▶ **ACTIVITY**: Using the entries below, copy out all lines where "Photo" is found.

▶ **DATA FOR ANALYSIS**:
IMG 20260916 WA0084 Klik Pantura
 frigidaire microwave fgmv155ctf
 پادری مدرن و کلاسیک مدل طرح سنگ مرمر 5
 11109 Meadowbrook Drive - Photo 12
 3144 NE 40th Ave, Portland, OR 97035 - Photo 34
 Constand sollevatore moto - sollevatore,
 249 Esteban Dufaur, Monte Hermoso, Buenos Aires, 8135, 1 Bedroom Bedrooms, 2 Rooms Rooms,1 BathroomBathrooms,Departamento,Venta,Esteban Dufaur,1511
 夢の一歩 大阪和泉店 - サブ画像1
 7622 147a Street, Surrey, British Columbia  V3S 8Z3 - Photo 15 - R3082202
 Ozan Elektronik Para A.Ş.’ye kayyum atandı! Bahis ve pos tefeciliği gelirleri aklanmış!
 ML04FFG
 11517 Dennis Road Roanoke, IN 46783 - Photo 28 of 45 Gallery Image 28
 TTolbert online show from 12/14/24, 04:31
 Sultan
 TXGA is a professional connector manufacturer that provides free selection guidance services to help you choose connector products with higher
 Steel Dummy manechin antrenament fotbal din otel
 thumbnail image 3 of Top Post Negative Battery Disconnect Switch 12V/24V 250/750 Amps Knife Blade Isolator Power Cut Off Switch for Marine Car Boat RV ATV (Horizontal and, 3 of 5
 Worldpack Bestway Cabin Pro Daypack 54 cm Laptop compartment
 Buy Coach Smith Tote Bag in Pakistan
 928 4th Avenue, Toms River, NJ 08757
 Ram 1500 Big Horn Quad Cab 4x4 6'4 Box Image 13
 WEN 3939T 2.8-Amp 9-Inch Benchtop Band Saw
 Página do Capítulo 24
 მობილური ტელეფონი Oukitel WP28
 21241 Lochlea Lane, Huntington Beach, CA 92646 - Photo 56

▶ **SOLUTION BELOW**:
 11109 Meadowbrook Drive - Photo 12
 3144 NE 40th Ave, Portland, OR 97035 - Photo 34
 7622 147a Street, Surrey, British Columbia  V3S 8Z3 - Photo 15 - R3082202
 11517 Dennis Road Roanoke, IN 46783 - Photo 28 of 45 Gallery Image 28
 21241 Lochlea Lane, Huntington Beach, CA 92646 - Photo 56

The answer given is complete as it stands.